Foreign Exchange Outlook: Risk aversion could come flying back in the window when we get two bits of data this morning, the Q3 GDP revision (8:30 am EST) and the Conference Board consumer confidence index (10 am EST). GDP will likely be rived from -0.3% to -0.5%, while the confidence index was probably steady at 38 in Nov, the same as Oct, according to the Bloomberg survey. This is not a deterioration but still the lowest since records began in 1967.
It’s notable that while we all hear Obama talking about infrastructure spending as a big component of the stimulus package, focus remains on the consumer. Even the finance guys at the Fed and Treasury moved from saving their buddies at the banks first to consumer credit second (not the housing sector, which would have been more logical). But consumer spending is not going to get us out of this thing. The only way for that to have been true would have been Helicopter Ben throwing $24,000 out of the sky for every person in the country. The Obama approach calls for the industrial sector to be revitalized by government spending, whether it’s wind farms or road-building.

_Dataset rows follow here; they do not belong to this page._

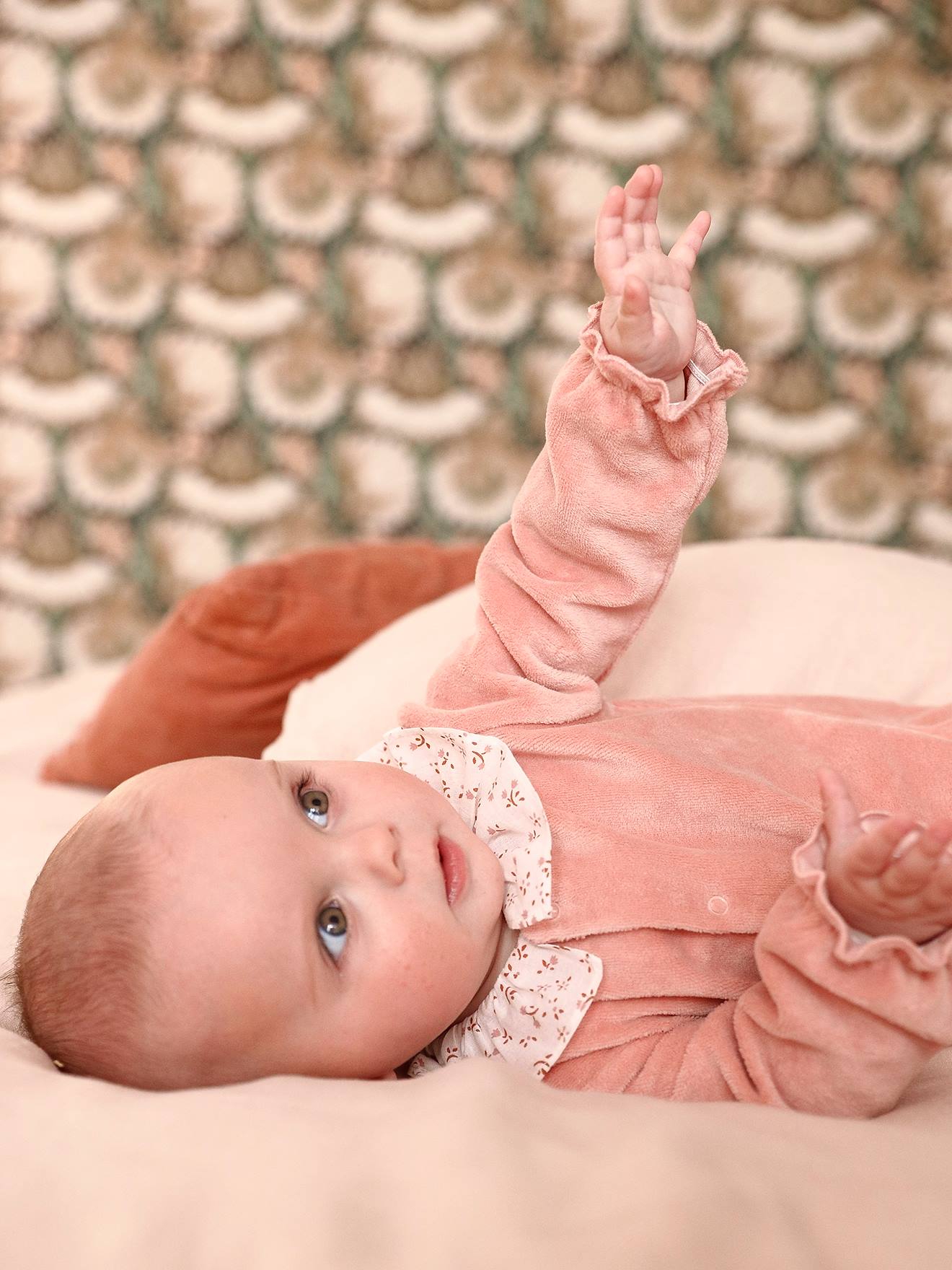 Pyjama bébé fille velours collerette imprimée rose poudré (Vertbaudet) - Image 3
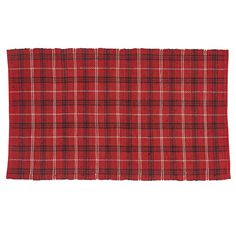 a red and black plaid rug on a white background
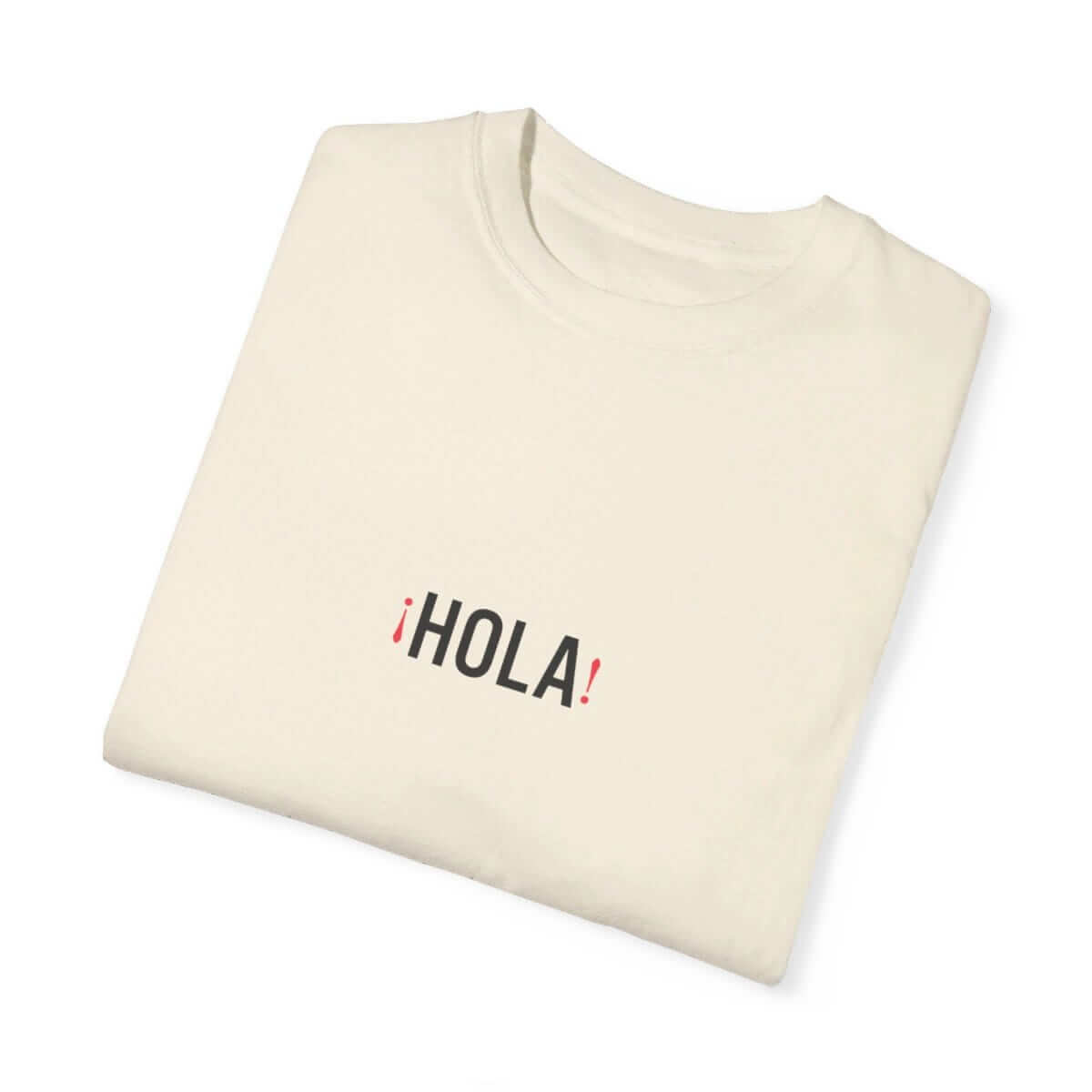 Ivory cotton short sleeve t-shirt folded showing front design with Hola Hello text in casual font style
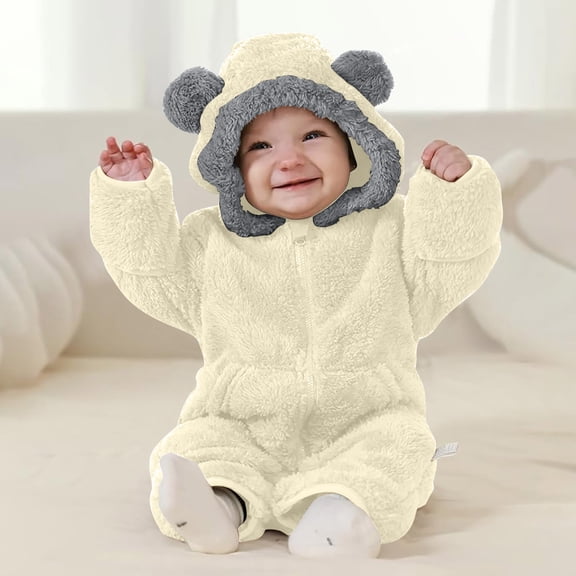 ATOGUTA Boys Girls Clothes Hooded Fleece Rompers Long Sleeve Warm Jacket Outwear Outfits Size 0-18M, Beige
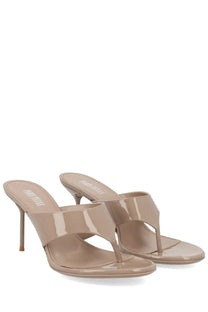 Beige patent leather thong sandals with slender high heels from paris texas women’s mule con tacco lidia collection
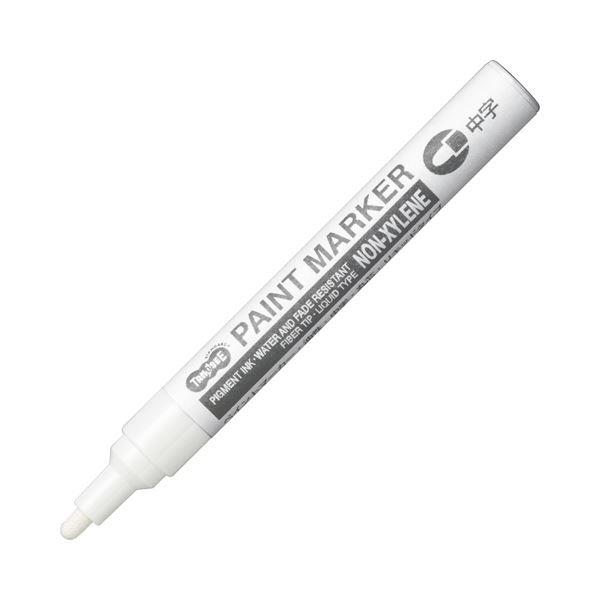 (まとめ) TANOSEE 油性ペイントマーカー 中字丸芯 白 1本 (×50)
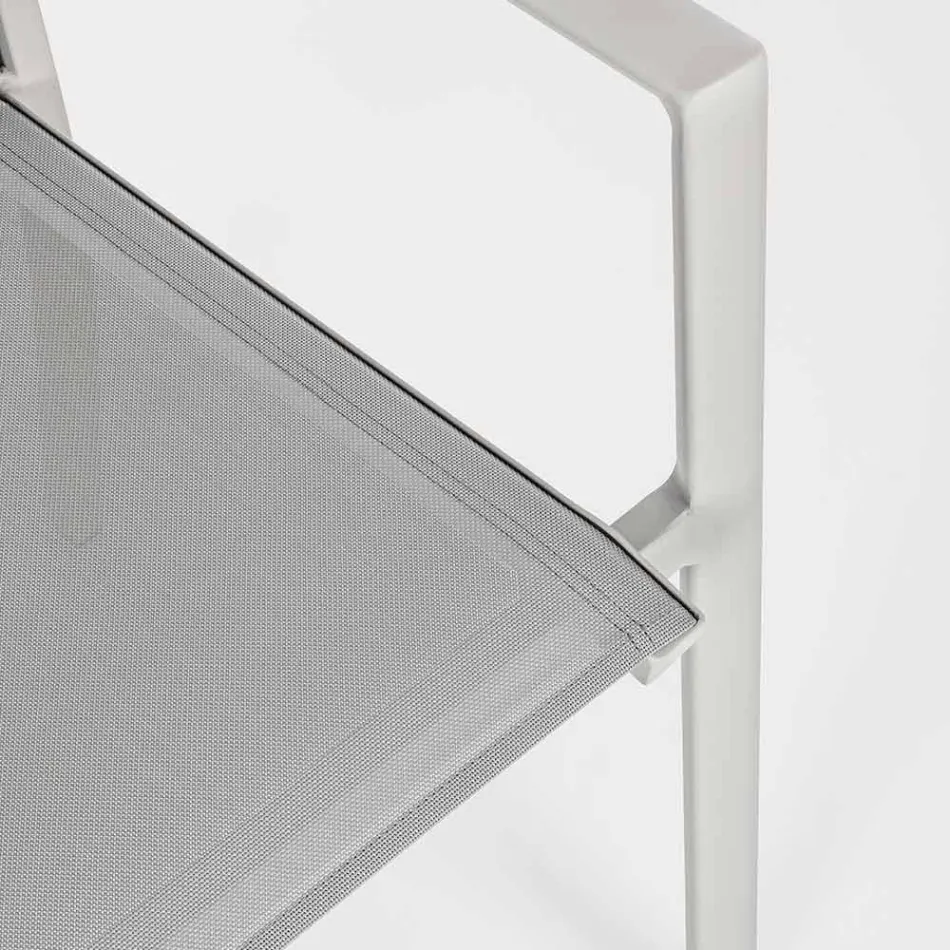 Buitenstoel in aluminium met armleuningen van Homemotion - Casper Design Viadurini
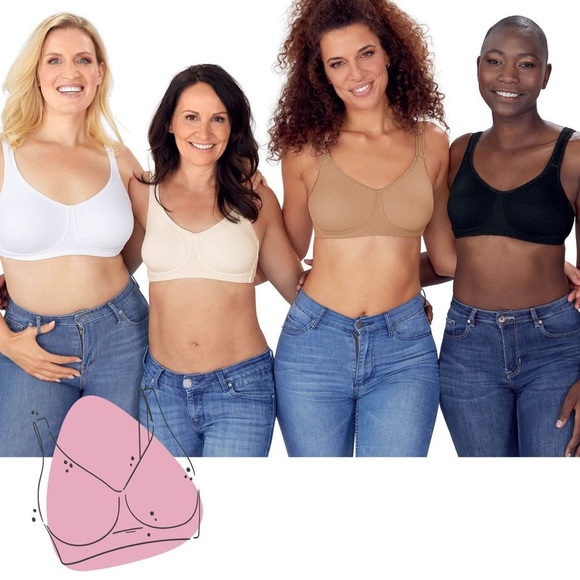 Amoena Mona Non-Wired Mastectomy Bras in Cognac Tan, Black & White New in Box - Picture 1 of 15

This could be the post-industrial industrial revolution. Nobody has the slightest idea what it will look like, but given technology advances, it will probably result (in five-ten years) in a tremendous increase in labor market productivity. We tend to think of productivity as how many widgets a worker can churn out in an hour, but in practice, the US is a service economy and it runs on trucking. Better roads and bridges, together with an improved national electrical grid, are a tremendous injection of value into the economy (buy UPS and FedEx). Besides, it will be fun to see whether it’s really true, as we saw with Eisenhower’s interstate highway system, whether government is sometimes the solution and not always the problem, the old Reagan mantra.
This is to a certain extent the basis of the new optimism - one way or the other, all these experts, under Obama’s leadership, will fix things. Well, no. These are the same experts who may have warned us of impending doom but failed to get action (Summers) or to instigate action (Geithner). It ain’t over yet and nobody can even tell us what inning we are in. It’s the proverbial black swan situation and optimism-in the form of giant stock index rises-is unwarranted. We believe in trends. The Dow was up but has not reached red resistance. It could be an aberration. The same thing is true of oil, although gold has a pretty scary chart-two gap openings in a row.
Assuming more dismal new releases are out there waiting to hit us over the head with some calamity or another, the US dollar is not a dead duck. As noted above, the case for the dollar exchange rate demise has not yet been proven. We do not doubt that it will be one day, but not yet. Keep the faith.